The Delta 4-Heavy is made of three common booster cores, each powered by a single RS-68A engine. The engines are timed to ignite in a staggered sequence in the last few seconds before launch, beginning with the starboard engine and followed by the center and port engines.
Tory Bruno, ULA’s president and CEO, said the root cause of the regulator problem was a torn diaphragm. Bruno tweeted that the diaphragm tear appeared to be caused by wear and fatigue.
ULA said Thursday that it is replacing and retesting all three pressure regulators associated with each of the three RS-68A engines “out of an abundance of caution.” The regulators themselves are part of the ground infrastructure on the Delta 4’s launch pad at Complex 37B on Cape Canaveral Air Force Station.
“Mission success is the first priority,” Bruno tweeted.
The launch period Sept. 26 opens at 12:01 a.m.

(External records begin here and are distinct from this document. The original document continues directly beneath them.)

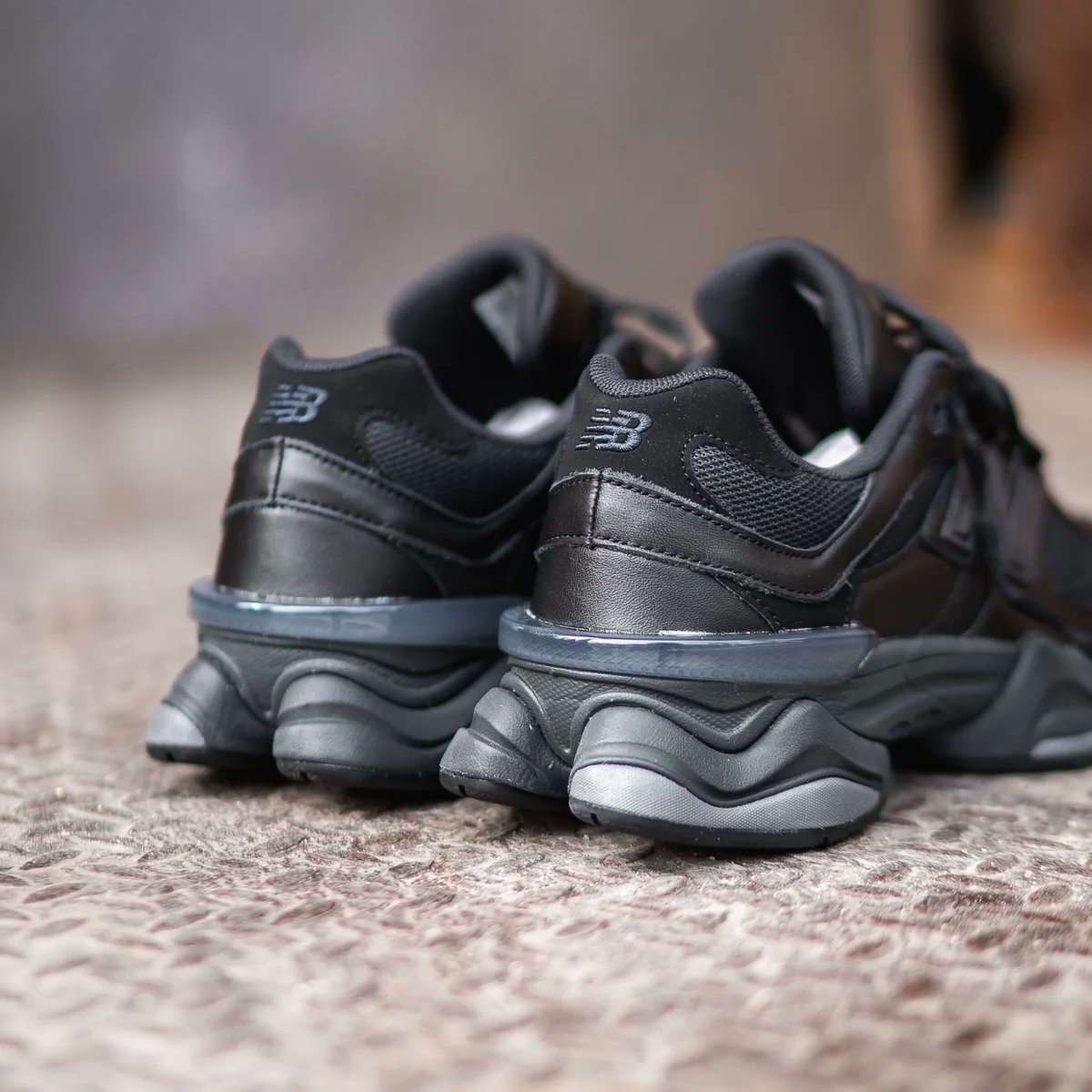 New Balance 9060 Unisex Triple Black (COD40F1)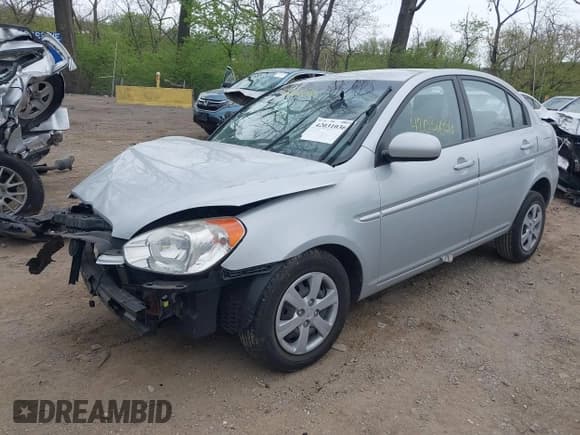 ✅ 2010 Hyundai Accent GLS • VIN: KMHCN4AC5AU477897 • Лот: 42031036. Опубликован ранее на IAAI с пробегом 121 498 миль. Бесплатный доступ к архиву аукционных продаж из США и подробный отчёт об истории автомобиля на DreamBid. Изображение 16.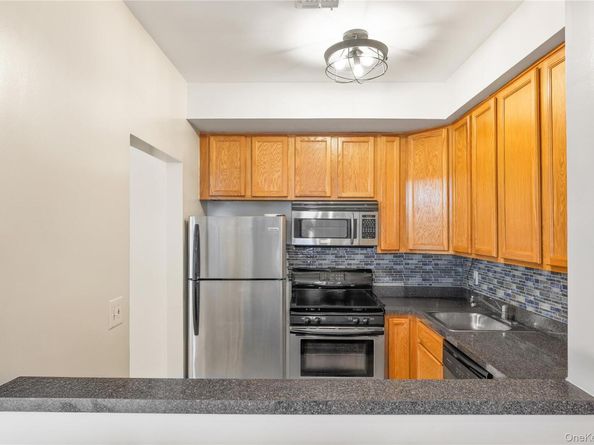 109 Neptune Lane 5, Bronx NY 10473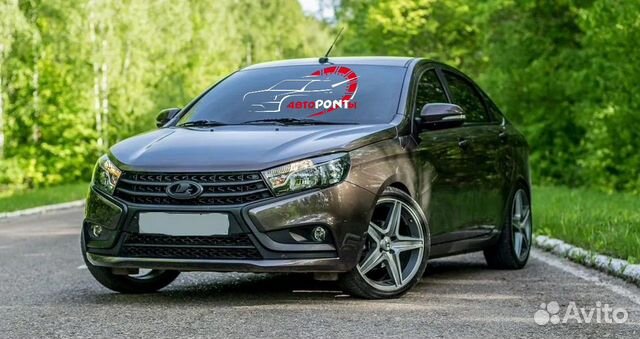 Капот Лада Веста крашенный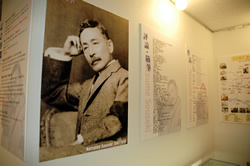写真:漱石ギャラリーパネル展示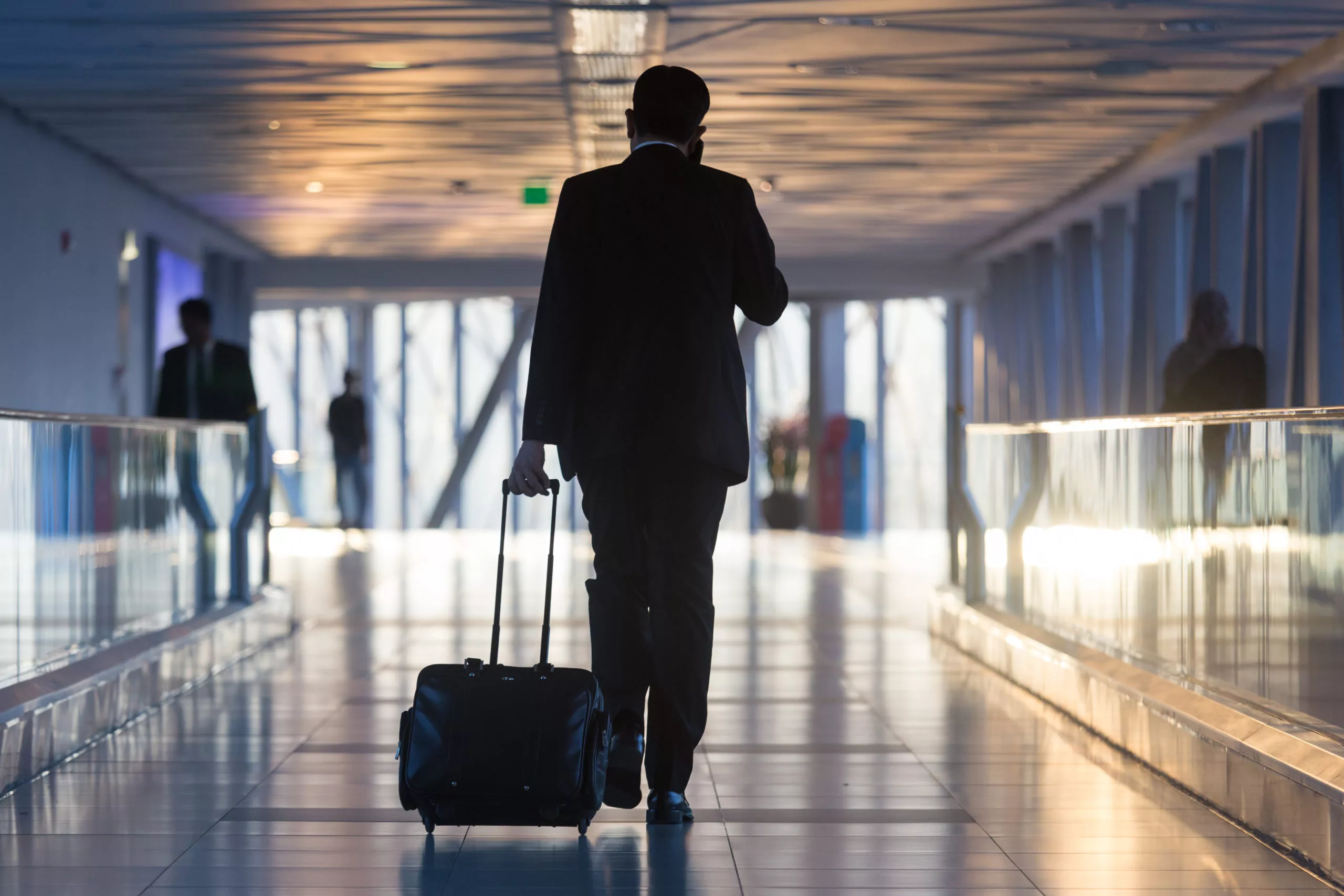 Мужчина с чемоданом в аэропорте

EDT (0401 GMT) and runs until 1:35 a.m. EDT (0535 GMT), ULA said Thursday. The Delta 4-Heavy will loft a classified payload into orbit for the National Reconnaissance Office, which owns the U.S. government’s fleet of intelligence-gathering satellites.
The mission is designated NROL-44, and the NRO has not disclosed details about the payload’s purpose or design.
But public information about the rocket’s trajectory suggests the Delta 4-Heavy will deploy its payload near geosynchronous orbit more than 22,000 miles (nearly 36,000 kilometers). The NRO operates signals intelligence satellites in geosynchronous orbit to intercept data, voice and other communications from U.S. adversaries.
The 235-foot-tall (71.6-meter) Delta 4-Heavy rocket is the most powerful rocket in ULA’s fleet, and the largest launch vehicle in the world. The Falcon Heavy rocket made by ULA rival SpaceX is slightly shorter than the Delta 4-Heavy, but can loft heavier cargo into orbit.
ULA is retiring the Delta 4 rocket family after five more launches. The company’s next-generation Vulcan Centaur rocket, scheduled to debut in the second half of next year, will replace ULA’s existing Delta 4 and Atlas 5 launch vehicles.
After the Sept. 26 launch, ULA’s next Delta 4-Heavy rocket is scheduled to take off no earlier than December from Vandenberg Air Force Base in California. Bruno said ULA is reviewing maintenance and test procedures at the Delta 4 pads at Cape Canaveral and Vandenberg to ensure the facilities are ready to support the remaining Delta 4 flights.
“We are conducting a very detailed and comprehensive review of all of our preventative maintenance and pre-launch testing processes at the Delta pads and will make whatever improvements are indicated going forward,” Bruno tweeted.
The final Delta 4-Heavy rocket is scheduled to launch in 2023.